# [Work required]
Begin at the line containing "Cherry Blossom Metal" and restate it and each line after it exactly, up to and including the last line below. Leave pictures out.

━━━━━━━━━━━━━━━━━━━━

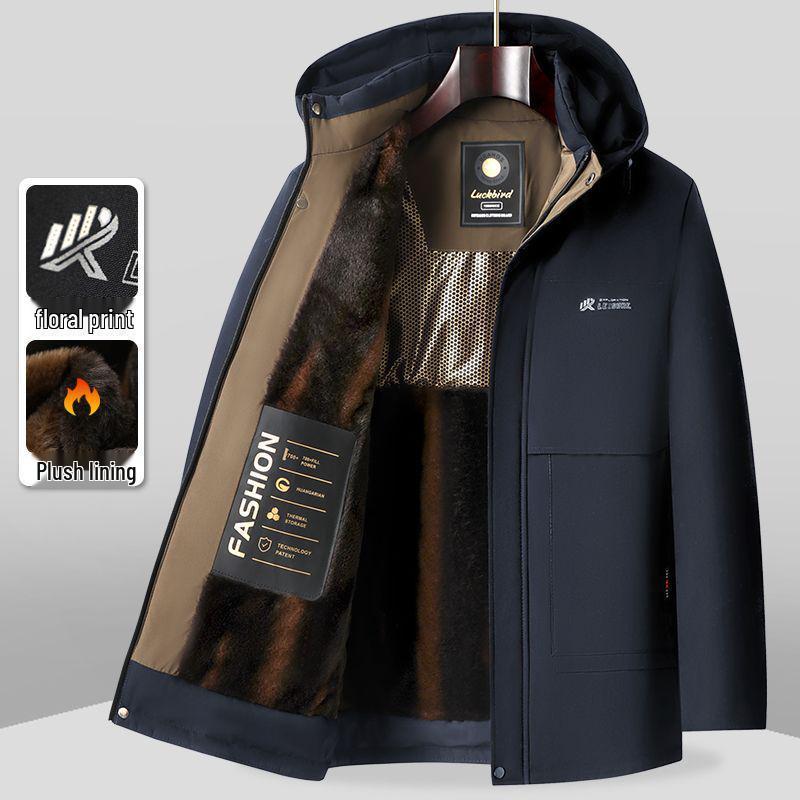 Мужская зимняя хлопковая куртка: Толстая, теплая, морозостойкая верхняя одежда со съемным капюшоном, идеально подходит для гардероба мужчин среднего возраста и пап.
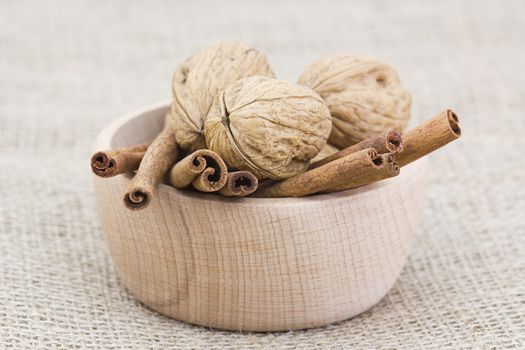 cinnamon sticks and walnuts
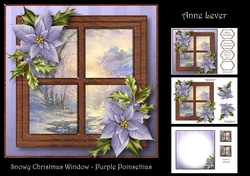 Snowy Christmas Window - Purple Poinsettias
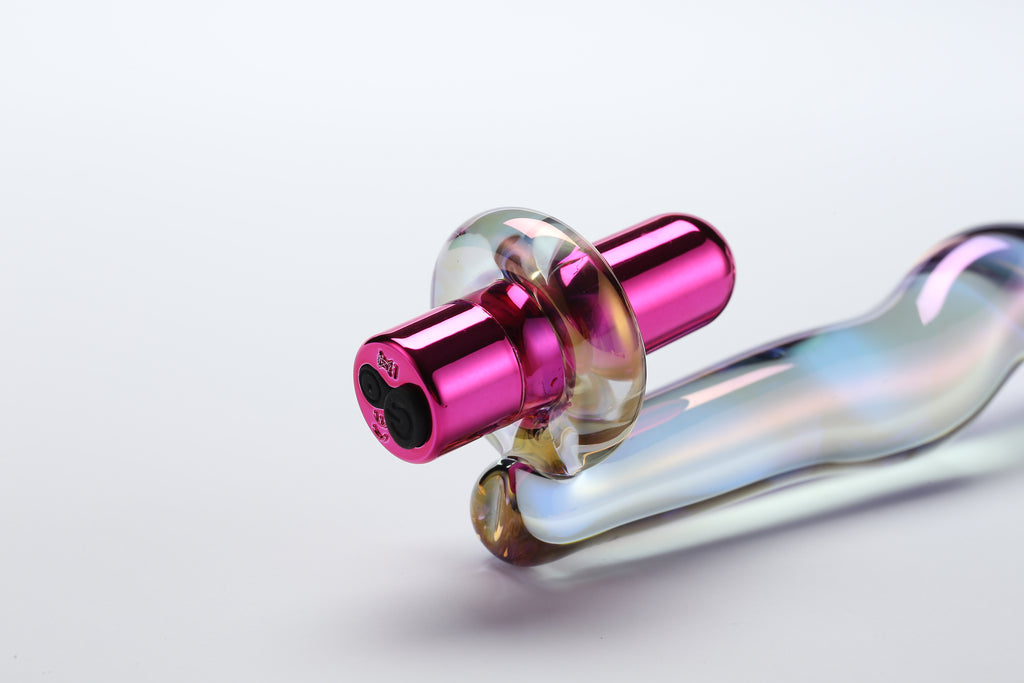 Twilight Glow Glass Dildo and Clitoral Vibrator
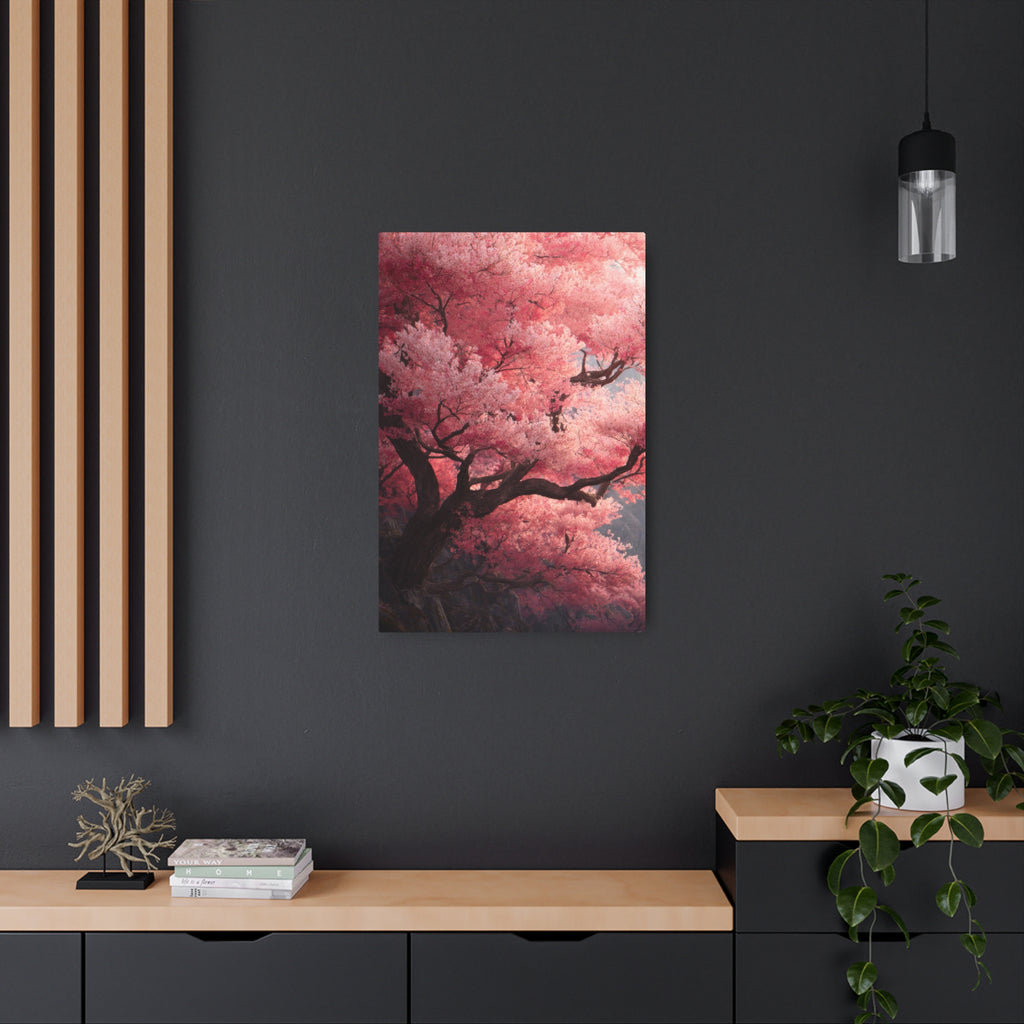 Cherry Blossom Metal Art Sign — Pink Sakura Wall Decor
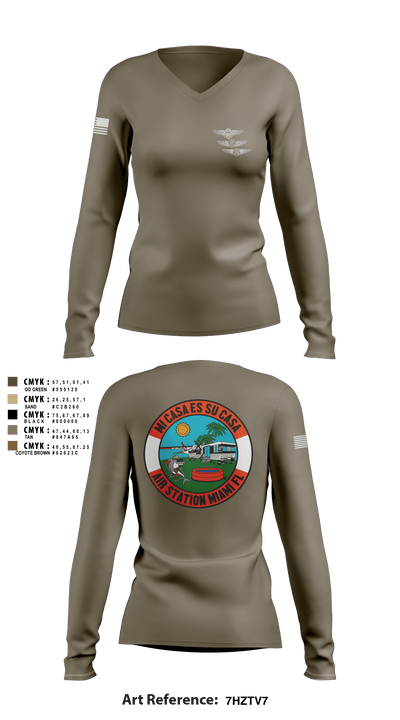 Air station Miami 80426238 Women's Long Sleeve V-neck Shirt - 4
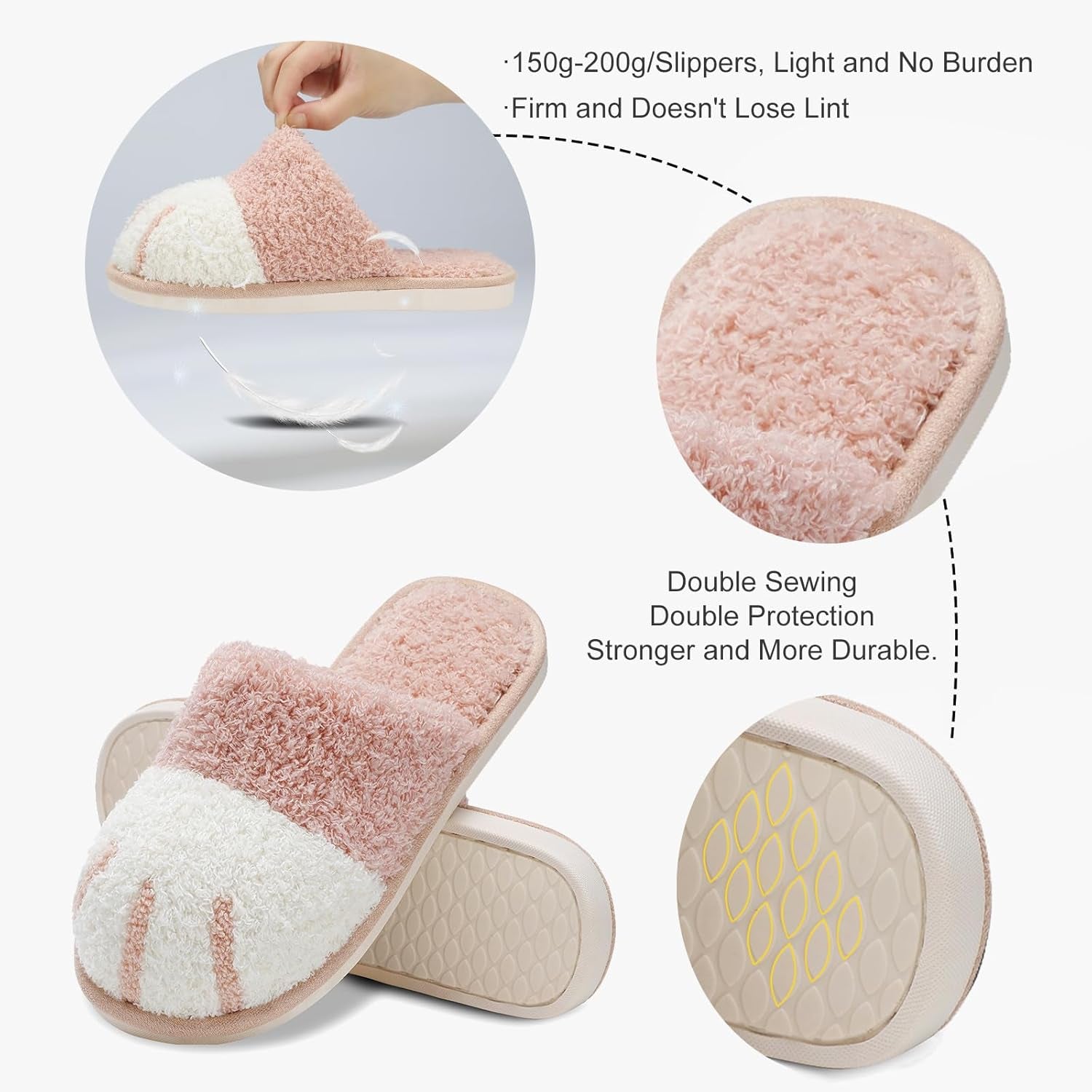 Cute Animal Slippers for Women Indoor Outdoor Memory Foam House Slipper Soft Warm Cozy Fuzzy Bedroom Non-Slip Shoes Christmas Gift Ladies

━━━━━━━━━━━━━━━━━━━━

# [Answer space]
 Cherry Blossom Metal Art Sign — Pink Sakura Wall Decor
 Air station Miami 80426238 Women's Long Sleeve V-neck Shirt - 4
 Cute Animal Slippers for Women Indoor Outdoor Memory Foam House Slipper Soft Warm Cozy Fuzzy Bedroom Non-Slip Shoes Christmas Gift Ladies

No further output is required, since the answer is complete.